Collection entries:
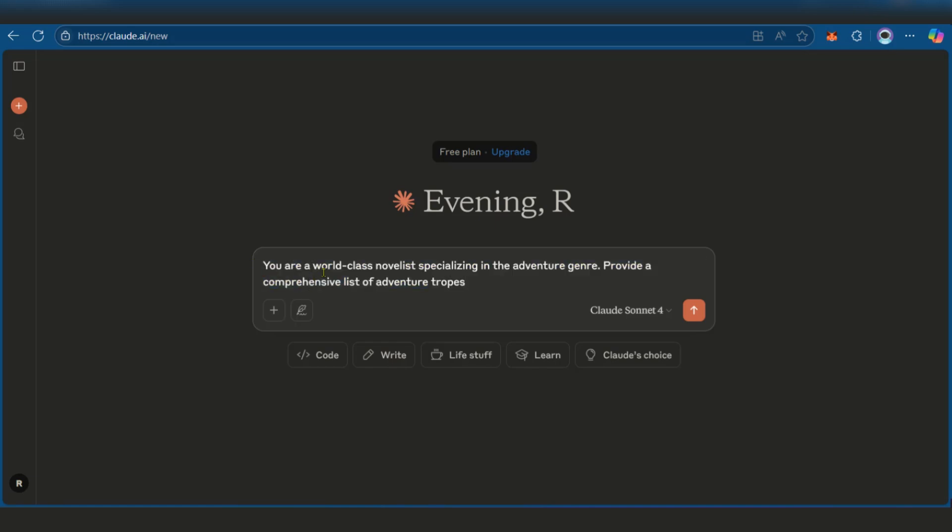We could use this: you're a world-class novelist specializing in the adventure genre. Provide a comprehensive list of adventure tropes. Let's go.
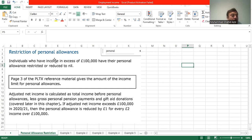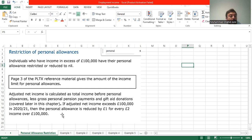Restriction of personal allowance: if an individual's income is more than £100,000, we have to calculate the adjusted net income — that is total income before personal allowance minus any pension contribution. Remember, the pension figure must be gross; if it is net, divide by 80 and multiply by 100. If adjusted net income is more than £125,000, the personal allowance is reduced by £1 for every £2 income over £100,000, and above £125,000 there is no personal allowance available.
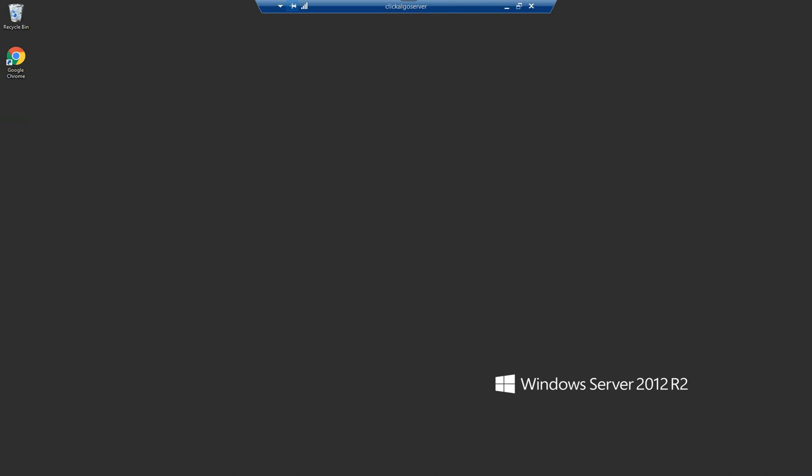Hi, my name is Paul from clickalgo.com. Today's video we're going to demonstrate how to install cTrader onto a virtual private server.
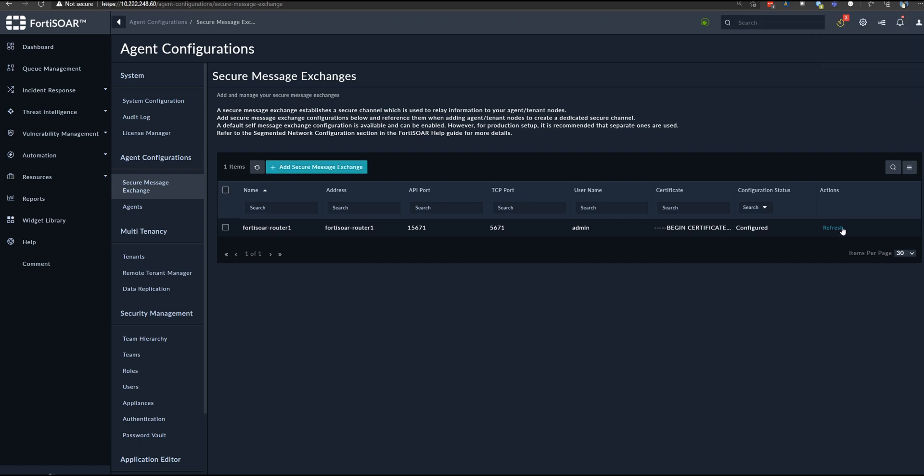That's how the router pops up in the list. We have to make sure that the status is configured.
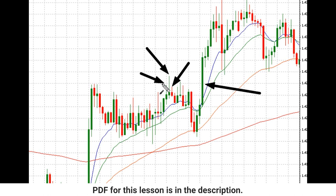The same applies to pivot lows. The more higher lows there are to the right and to the left, the more power and supply that is required to overcome the demand at that level and for price to break down through it.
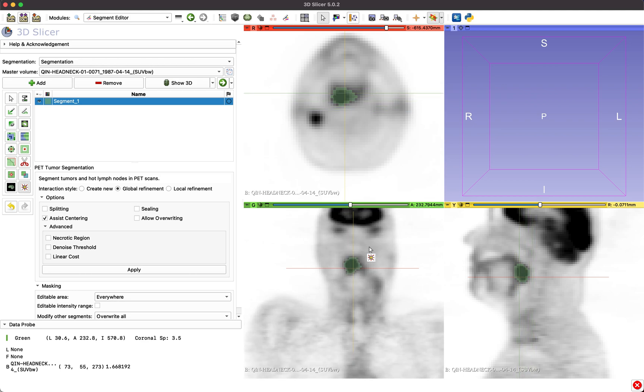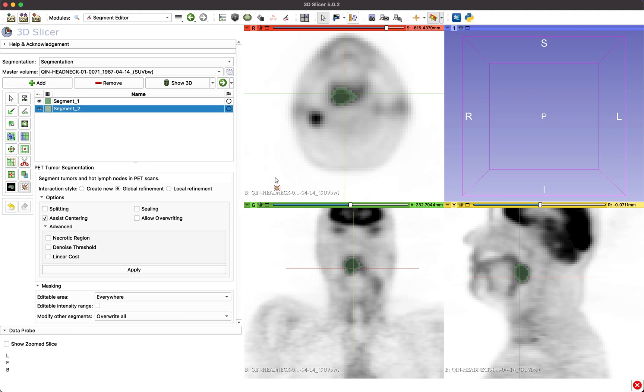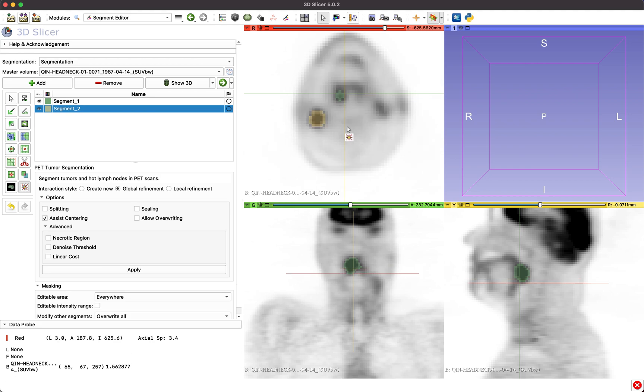To add another lesion, add a new segment and start with the segmentation process. In many cases, just one click is sufficient to obtain a good quality segmentation for each lesion.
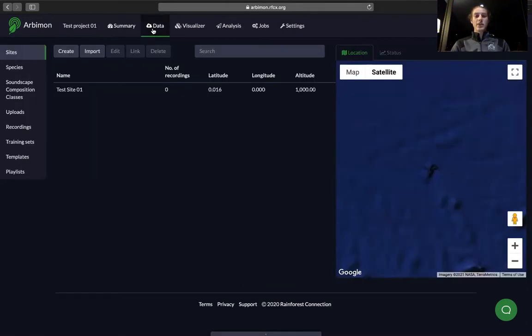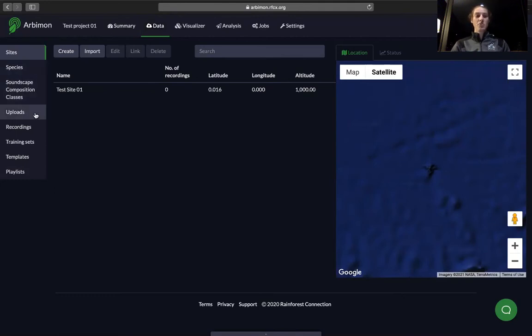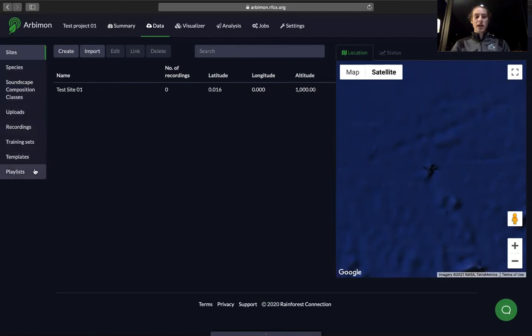In the Data tab, you can create sites, create new species, make soundscape composition classes, upload your recordings, work with your recordings, make training sets, make templates, and create playlists.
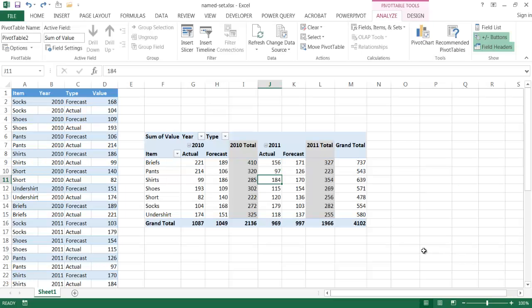In this video I'm going to show you how to create a name set. Creating a name set enables you to create something called asymmetric reporting. The problem that it's trying to solve is how you present some data. We may have a pivot table that has actual and forecasted data, with items and the years 2010 and 2011.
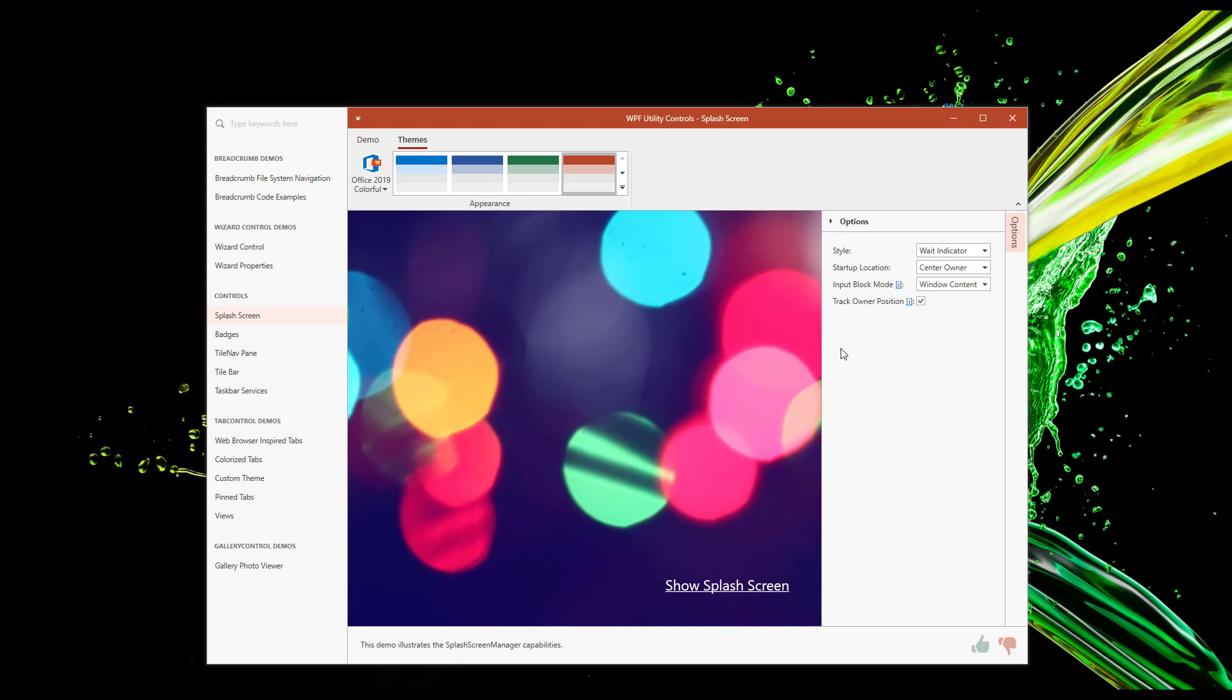This will be of value to those who wish to use our wait indicator within a running app. For instance, you can associate the wait indicator with a grid control and display the indicator above the grid during time-consuming data operations. Once Track Owner Position is associated with a specific control, the wait indicator will always track the position of the control on screen.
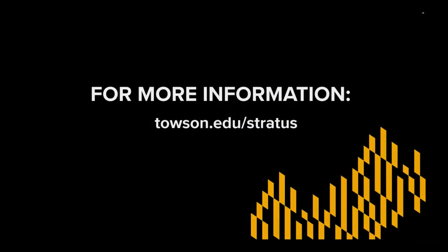For more information, please visit our website, towson.edu/stratus.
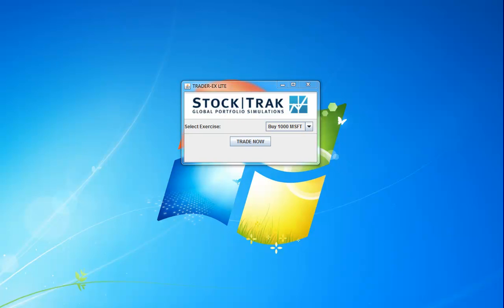Hello and welcome to TraderX, a trading and stock market simulation offered in partnership with StockTrack. TraderX is designed to provide participants with hands-on experience making real short-term trading decisions and implementing them under different market conditions.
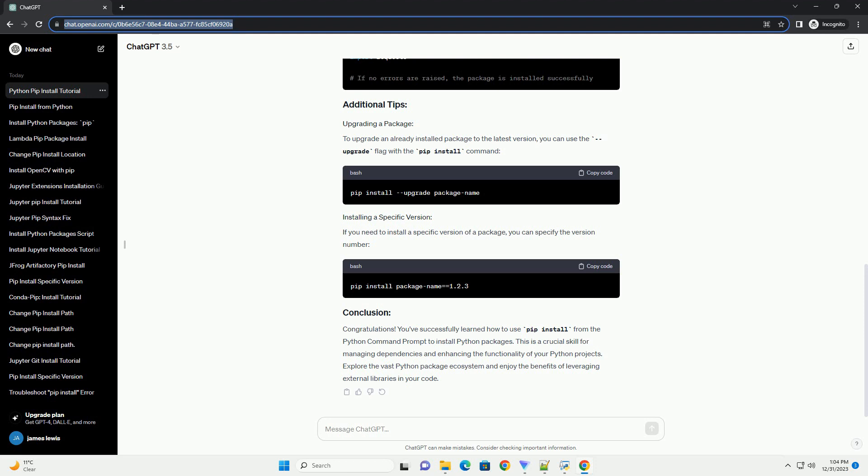If you need to install a specific version of a package, you can specify the version number.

Work task – Would you reproduce the lines above, from the very first through the line containing "In this video", exactly and without the pictures?

Output of the task –
We could use this: you're a world-class novelist specializing in the adventure genre. Provide a comprehensive list of adventure tropes. Let's go.
Restriction of personal allowance: if an individual's income is more than £100,000, we have to calculate the adjusted net income — that is total income before personal allowance minus any pension contribution. Remember, the pension figure must be gross; if it is net, divide by 80 and multiply by 100. If adjusted net income is more than £125,000, the personal allowance is reduced by £1 for every £2 income over £100,000, and above £125,000 there is no personal allowance available.
Hi, my name is Paul from clickalgo.com. Today's video we're going to demonstrate how to install cTrader onto a virtual private server.
That's how the router pops up in the list. We have to make sure that the status is configured.
The same applies to pivot lows. The more higher lows there are to the right and to the left, the more power and supply that is required to overcome the demand at that level and for price to break down through it.
To add another lesion, add a new segment and start with the segmentation process. In many cases, just one click is sufficient to obtain a good quality segmentation for each lesion.
In the Data tab, you can create sites, create new species, make soundscape composition classes, upload your recordings, work with your recordings, make training sets, make templates, and create playlists.
In this video I'm going to show you how to create a name set. Creating a name set enables you to create something called asymmetric reporting. The problem that it's trying to solve is how you present some data. We may have a pivot table that has actual and forecasted data, with items and the years 2010 and 2011.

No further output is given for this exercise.